Kesehatan jiwa bukan sekedar terbebas dari gangguan jiwa, akan tetapi
merupakan suatu hal yang di butuhkan oleh semua orang. Kesehatan jiwa
adalah perasaan sehat dan bahagia serta mampu mengatasi tantangan
hidup, dapat menerima orang lain sebagai mana adanya. Serta mempunyai
sikap positif terhadap diri sendiri dan orang lain. (Menkes, 2005)
Menurut Sekretaris Jendral Dapertemen Kesehatan (Sekjen
Depkes), H. Syafii Ahmad, kesehatan jiwa saat ini telah menjadi masalah
kesehatan global bagi setiap negara termasuk Indonesia. Proses globalisasi
dan pesatnya kemajuan teknologi informasi memberikan dampak terhadap
nilai-nilai sosial dan budaya pada masyarakat. Di sisi lain, tidak semua
orang mempunyai kemampuan yang sama untuk menyusuaikan dengan
berbagai perubahan, serta mengelola konflik dan stres tersebut. ( Diktorat
Bina Pelayanan Keperawatan dan Pelayanan Medik Dapertemen
Kesehatan, 2007)
Setiap saat dapat terjadi 450 juta orang diseluruh dunia terkena
dampak permasalahan jiwa, syaraf maupun perilaku dan jumlahnya terus
meningkat. Pada study terbaru WHO di 14 negara menunjukkan bahwa
pada negara-negara berkembang, sekitar 76-85% kasus gangguan jiwa
parah tidak dapat pengobatan apapun pada tahun utama (Hardian,
2008). Masalah kesehatan jiwa merupakan masalah kesehatan masyarakat
yang demikian tinggi dibandingkan dengan masalah kesehatan lain yang
ada dimasyarakat.
Dari 150 juta populasi orang dewasa Indonesia, berdasarkan data
Departemen Kesehatan (Depkes), ada 1,74 juta orang mengalami
gangguan mental emosional. Sedangkan 4 % dari jumlah tersebut
terlambat berobat dan tidak tertangani akibat kurangnya layanan untuk
penyakit kejiwaan ini. Krisis ekonomi dunia yang semakin berat
mendorong jumlah penderita gangguan jiwa di dunia, dan Indonesia
khususnya kian meningkat, diperkirakan sekitar 50 juta atau 25% dari juta
penduduk Indonesia mengalami gangguan jiwa (Nurdwiyanti, 2008).

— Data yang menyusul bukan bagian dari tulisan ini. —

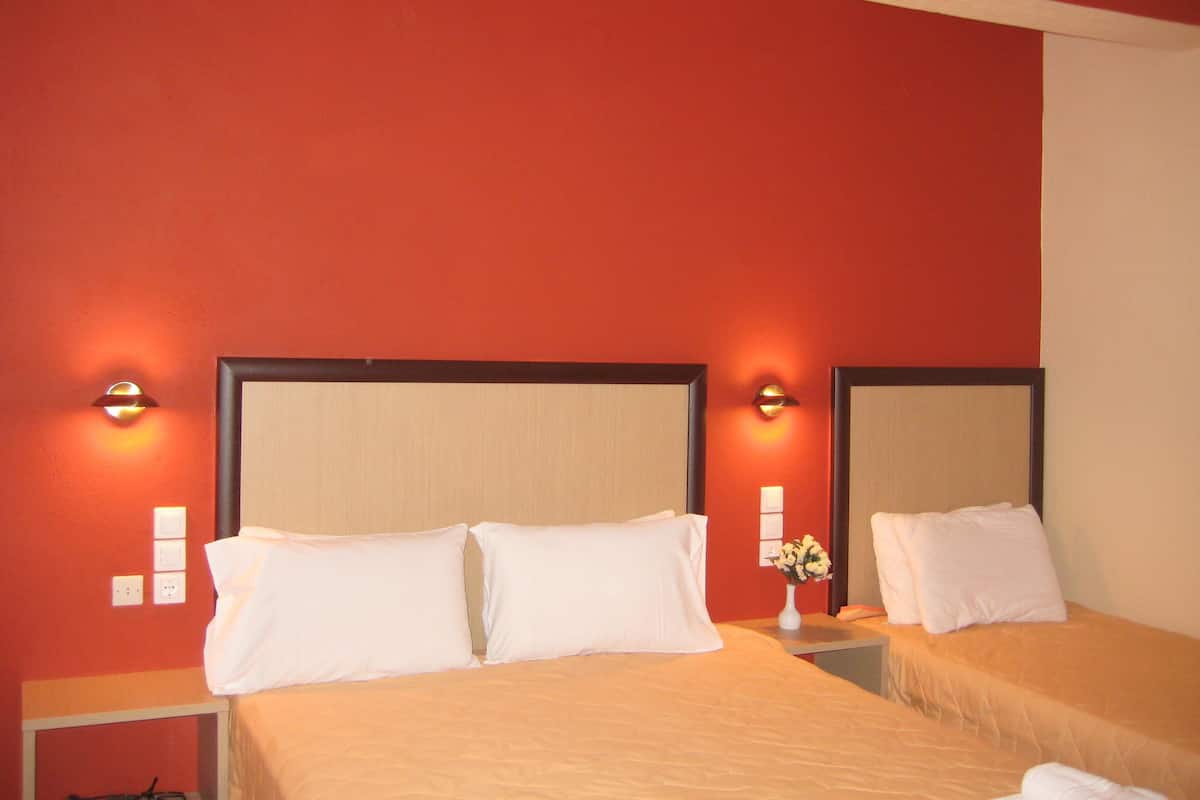 Driepersoonskamer | Gratis babybedden, gratis wifi, beddengoed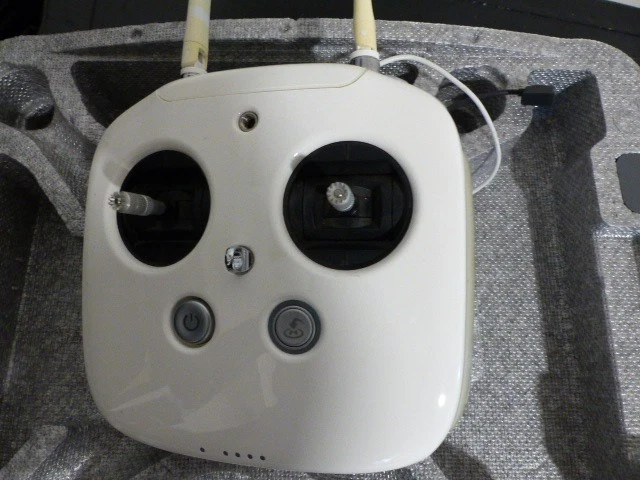 DJI Phantom 4 4K Camera Drone - White - Image 4 of 4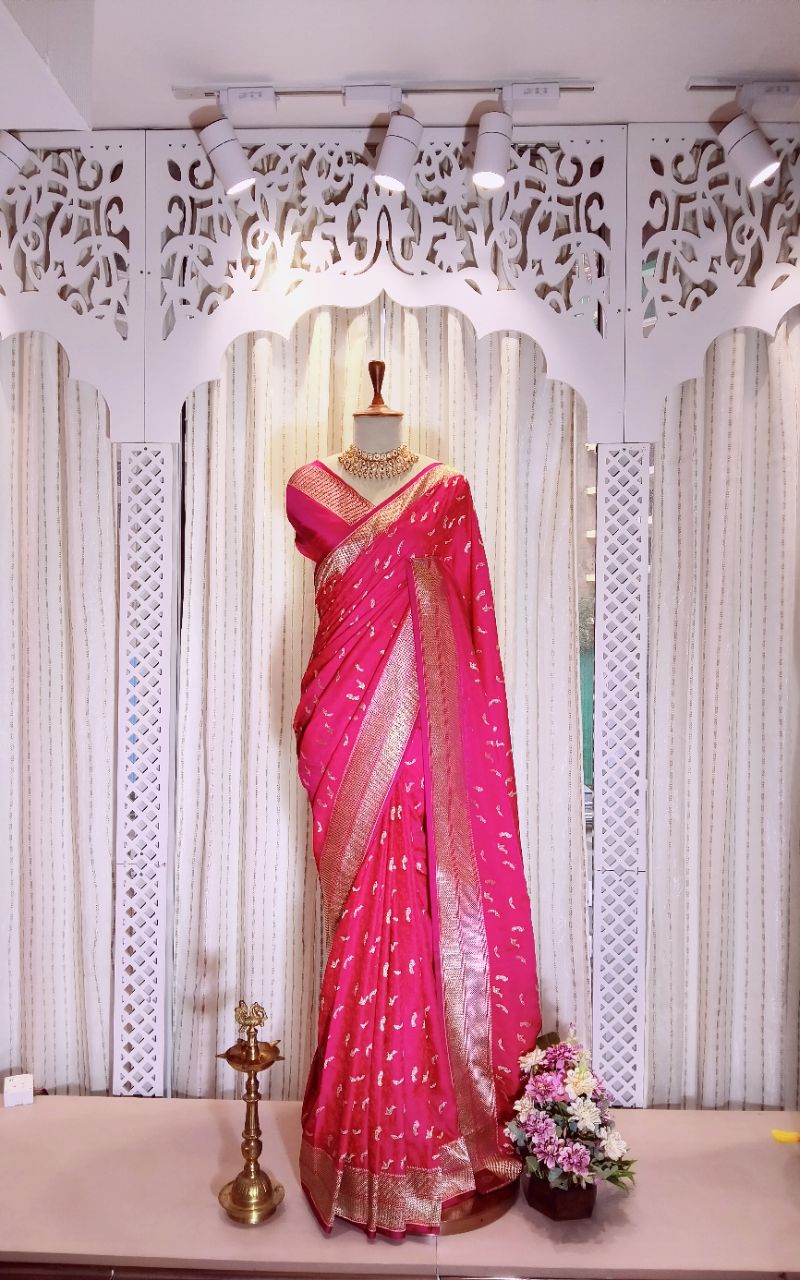 Tanchue Banarasi With Golden Jerry Border view 5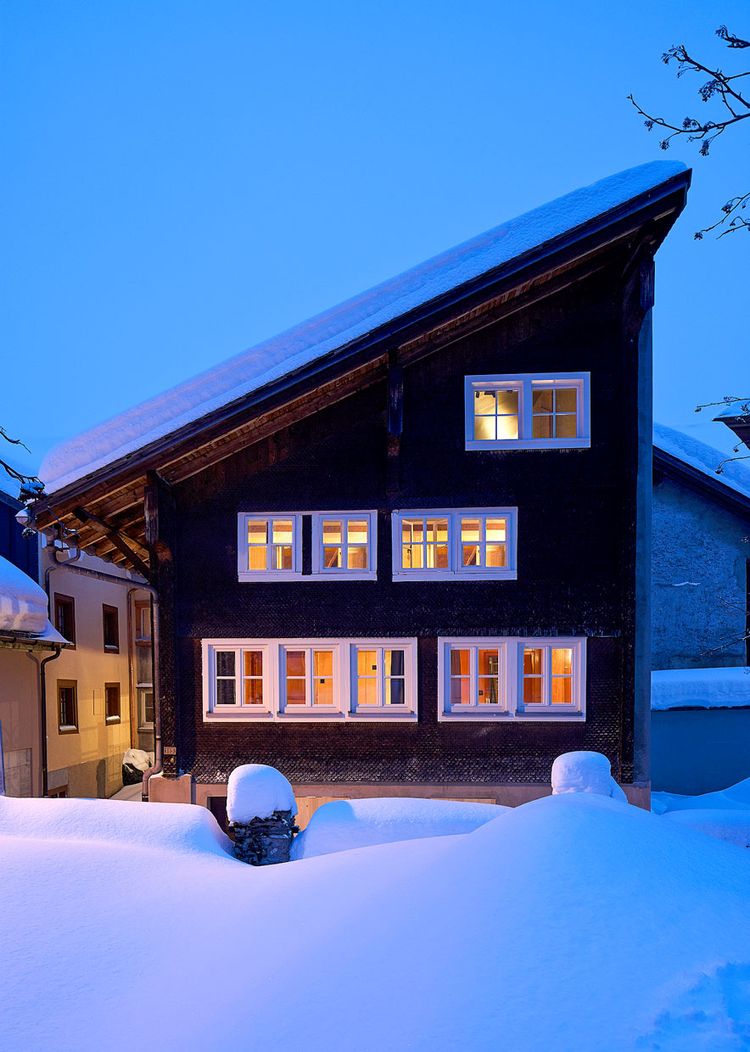 Halbhaus – Andermatt Chalet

Berdasar kan data dari medical record BPRS dari makasar provinsi
sulawesi selatan menunjukan pasien halusinasi yang dirawat pada tiga
tahun terakhir sebagai berikut: pada tahun 2006 jumlah pasien 8710
dengan halusinasi sebanyak 4340 orang (52%), tahun 2007 jumlah pasien
9245 dengan halusinasi sebanyak 4430 orang (49%), tahun 2008 ( januari-
maret) jumlah pasien 2294 dengan halusinasi sebanyak 1162 orang. Agar
perilaku kekerasan tidak terjadi pada klien halusinasi maka sangat di butuh
kan asuhan keperawatan yang berkesinambungan.
Akibat semakin kompleksnya persoalan hidup yang muncul di
tengah masyarakat, menyebabkan jumlah penderita gangguan jiwa di Riau
tiap tahunnya terus bertambah.Selama tahun 2007 ini saja di Riau telah
menerima sebanyak 8.870 pasien gangguan jiwa.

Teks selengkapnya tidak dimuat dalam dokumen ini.